* Task to carry out *
Would it be possible to output exactly, and only, the lines below from the one holding "I am going to" to the last line, both included, with every picture left out?

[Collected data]
---

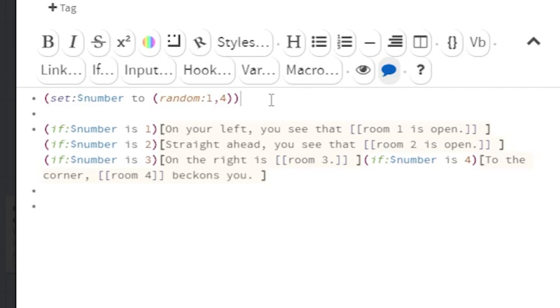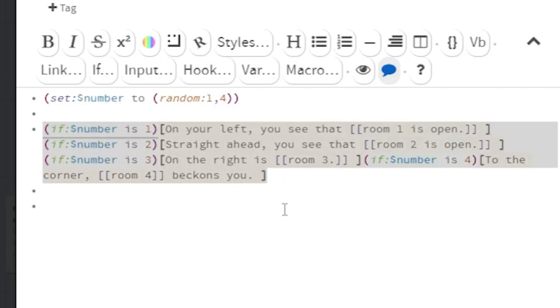Then, you use a bunch of IF checks to see what value is stored in that variable. Here, I'm basically rolling a D4, and whichever number is rolled is the room that is open.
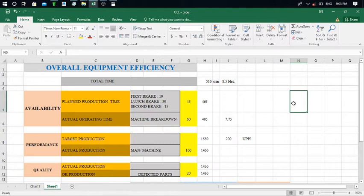For finding that problem — where the actual problem is created, which is the cause of the less production — we can find it out using this data. This is the documentation, or we can say this is the process of finding out where the extra time is being taken.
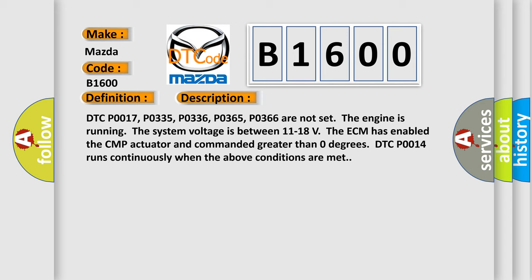The engine is running. The system voltage is between 11 to 18 volts. The ECM has enabled the CMP actuator and command at greater than zero degrees. This DTC P0014 runs continuously when the above conditions are met.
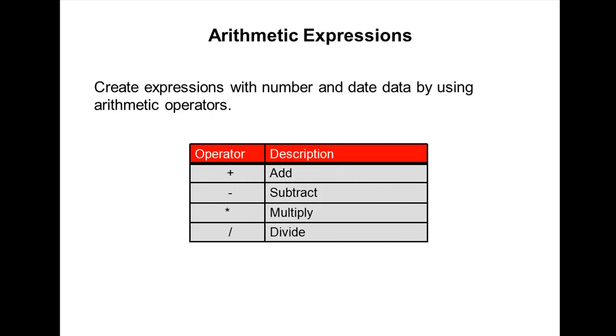I am going to explain arithmetic expressions and null values in the select statement. So what are the expressions available in Oracle?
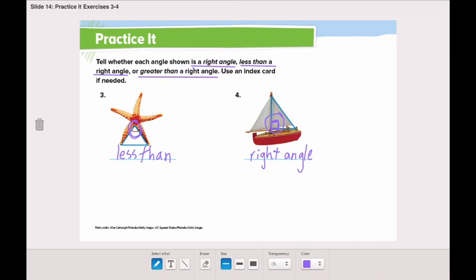Now go do the rest by yourself and send it to me on Class Dojo, and don't forget your Kahoot.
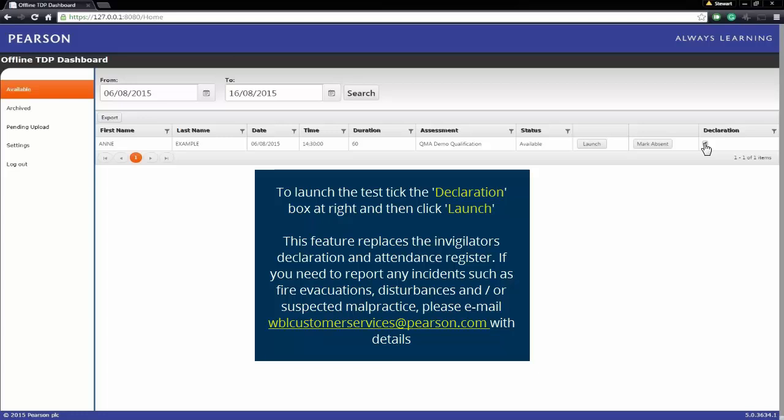If you need to report any incidents such as a fire evacuation, disturbances, or suspected malpractice, please email wblcustomerservices@pearson.com with the details.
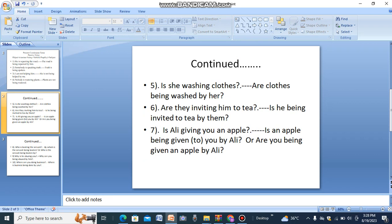Moving forward towards interrogative sentences. 'Is she washing clothes?' becomes 'Are clothes being washed by her?' 'Are they inviting him to tea?' becomes 'Is he being invited to tea by them?'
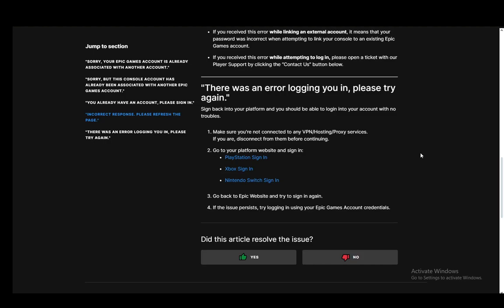Hey everybody, what is going on? I hope you guys are all doing well and welcome to another tutorial video. In this video, I'll be explaining to you guys how you can fix the there was an error logging you in, please try again error when you're logging into Epic Games. So let's get right into it.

---

* Response to this exercise *
I am going to explain arithmetic expressions and null values in the select statement. So what are the expressions available in Oracle?
Now go do the rest by yourself and send it to me on Class Dojo, and don't forget your Kahoot.
If you need to report any incidents such as a fire evacuation, disturbances, or suspected malpractice, please email wblcustomerservices@pearson.com with the details.
Moving forward towards interrogative sentences. 'Is she washing clothes?' becomes 'Are clothes being washed by her?' 'Are they inviting him to tea?' becomes 'Is he being invited to tea by them?'
Hey everybody, what is going on? I hope you guys are all doing well and welcome to another tutorial video. In this video, I'll be explaining to you guys how you can fix the there was an error logging you in, please try again error when you're logging into Epic Games. So let's get right into it.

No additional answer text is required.